I have found that round robin on LAGG was faster on my network.
It defies logic because the Cisco switch recognizes LACP but it is not as fast. Enough difference to change it.
Maybe that is a weak spot on my network I dunno.

Basic testing is all that is needed. Trust through verification.

Noner · May 20, 2022

Reaperzx said:
1TB SSD-s are quite cheap nowadays. I use 3 SSD of different model in gmirror as system drives.

Yes. But short-lived. I create servers for years of autonomy. Uptime in 3-5 years is the norm for my work.

Noner · May 20, 2022

Phishfry said:
Yes even Lucas's books. All you can do is test them out. No two systems are alike.

I have found that round robin on LAGG was faster on my network.
It defies logic because the Cisco switch recognizes LACP but it is not as fast. Enough difference to change it.
Maybe that is a weak spot on my network I dunno.

Basic testing is all that is needed. Trust through verification.
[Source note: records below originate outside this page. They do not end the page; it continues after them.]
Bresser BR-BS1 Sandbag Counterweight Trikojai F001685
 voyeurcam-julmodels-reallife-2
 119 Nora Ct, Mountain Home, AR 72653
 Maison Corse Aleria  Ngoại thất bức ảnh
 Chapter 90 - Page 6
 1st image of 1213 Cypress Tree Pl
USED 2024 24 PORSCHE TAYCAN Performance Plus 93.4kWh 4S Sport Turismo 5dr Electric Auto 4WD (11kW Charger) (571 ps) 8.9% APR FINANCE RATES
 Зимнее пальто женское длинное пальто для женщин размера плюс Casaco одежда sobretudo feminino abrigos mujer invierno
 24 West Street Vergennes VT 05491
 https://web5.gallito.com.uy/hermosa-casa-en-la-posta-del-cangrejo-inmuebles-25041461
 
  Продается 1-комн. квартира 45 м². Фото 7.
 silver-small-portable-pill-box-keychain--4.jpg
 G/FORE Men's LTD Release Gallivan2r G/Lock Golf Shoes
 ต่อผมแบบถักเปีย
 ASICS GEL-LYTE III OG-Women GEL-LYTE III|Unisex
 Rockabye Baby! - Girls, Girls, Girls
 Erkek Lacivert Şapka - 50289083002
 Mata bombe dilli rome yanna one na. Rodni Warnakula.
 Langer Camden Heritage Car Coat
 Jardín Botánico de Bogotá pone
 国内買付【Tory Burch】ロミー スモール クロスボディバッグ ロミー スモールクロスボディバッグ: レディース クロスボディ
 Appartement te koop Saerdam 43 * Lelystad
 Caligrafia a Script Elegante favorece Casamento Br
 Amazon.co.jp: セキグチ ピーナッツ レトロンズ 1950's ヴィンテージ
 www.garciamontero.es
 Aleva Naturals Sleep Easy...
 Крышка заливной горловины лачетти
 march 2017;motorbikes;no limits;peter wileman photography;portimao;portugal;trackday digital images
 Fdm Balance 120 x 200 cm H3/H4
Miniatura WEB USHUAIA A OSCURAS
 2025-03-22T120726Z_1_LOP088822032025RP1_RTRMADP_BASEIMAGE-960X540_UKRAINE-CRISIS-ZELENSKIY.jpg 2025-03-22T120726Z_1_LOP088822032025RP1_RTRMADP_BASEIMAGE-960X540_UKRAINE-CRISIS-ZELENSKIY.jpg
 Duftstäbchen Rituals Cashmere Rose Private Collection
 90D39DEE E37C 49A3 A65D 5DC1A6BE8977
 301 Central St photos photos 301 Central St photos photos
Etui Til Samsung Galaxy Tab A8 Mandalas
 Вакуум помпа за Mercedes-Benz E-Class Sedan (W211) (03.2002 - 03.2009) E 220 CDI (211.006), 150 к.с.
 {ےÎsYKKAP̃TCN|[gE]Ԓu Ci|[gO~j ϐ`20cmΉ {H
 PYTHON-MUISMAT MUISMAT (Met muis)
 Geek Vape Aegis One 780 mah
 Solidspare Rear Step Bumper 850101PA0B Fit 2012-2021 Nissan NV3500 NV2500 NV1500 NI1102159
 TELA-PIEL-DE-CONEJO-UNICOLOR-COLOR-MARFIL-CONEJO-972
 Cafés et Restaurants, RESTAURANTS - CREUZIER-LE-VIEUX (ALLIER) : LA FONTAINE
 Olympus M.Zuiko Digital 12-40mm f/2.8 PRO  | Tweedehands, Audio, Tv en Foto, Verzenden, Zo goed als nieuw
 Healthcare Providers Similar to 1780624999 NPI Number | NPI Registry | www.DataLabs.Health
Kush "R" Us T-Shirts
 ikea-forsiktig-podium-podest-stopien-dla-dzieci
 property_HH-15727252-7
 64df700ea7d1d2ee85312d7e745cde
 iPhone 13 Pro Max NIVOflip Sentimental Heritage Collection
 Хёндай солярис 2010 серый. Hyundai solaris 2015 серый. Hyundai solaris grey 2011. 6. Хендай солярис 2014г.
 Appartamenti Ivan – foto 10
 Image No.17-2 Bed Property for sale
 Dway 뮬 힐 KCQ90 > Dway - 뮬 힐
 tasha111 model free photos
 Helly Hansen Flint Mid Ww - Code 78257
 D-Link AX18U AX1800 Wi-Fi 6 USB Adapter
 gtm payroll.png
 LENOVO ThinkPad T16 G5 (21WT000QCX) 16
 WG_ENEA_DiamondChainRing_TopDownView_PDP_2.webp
The ways of choosing a disk to read cannot seriously change the speed. Especially if both drives are from the same batch, as happens most often.

mer · May 20, 2022

You say there's nothing in dmesg, but have you installed smartmontools and checked the individual devices with it? Typically mirrors "work to the slowest" when writing and "work to the fastest" on reading, so maybe one of the devices has a marginal cable that is causing issues under load.
Once you install smartmontools you can add some flags to /etc/periodic.conf to probe the devices and get that included in the daily.log

chessguy64 · May 30, 2022

Why would you want to use UFS for servers? ZFS would be better for RAID no? Also why are you passing it through to virtualbox? You can try bhyve instead, but I think the best thing to do is run it bare metal. And a lot of package versions / changes have been made from 8.4 to 12.3, so it's probably freezing because of an incompatibility somewhere.

Noner · Jun 10, 2022

chessguy64 said:
ZFS would be better for RAID

Everything has its reasons. ZFS is too heavy and doesn't make sense for simple tasks.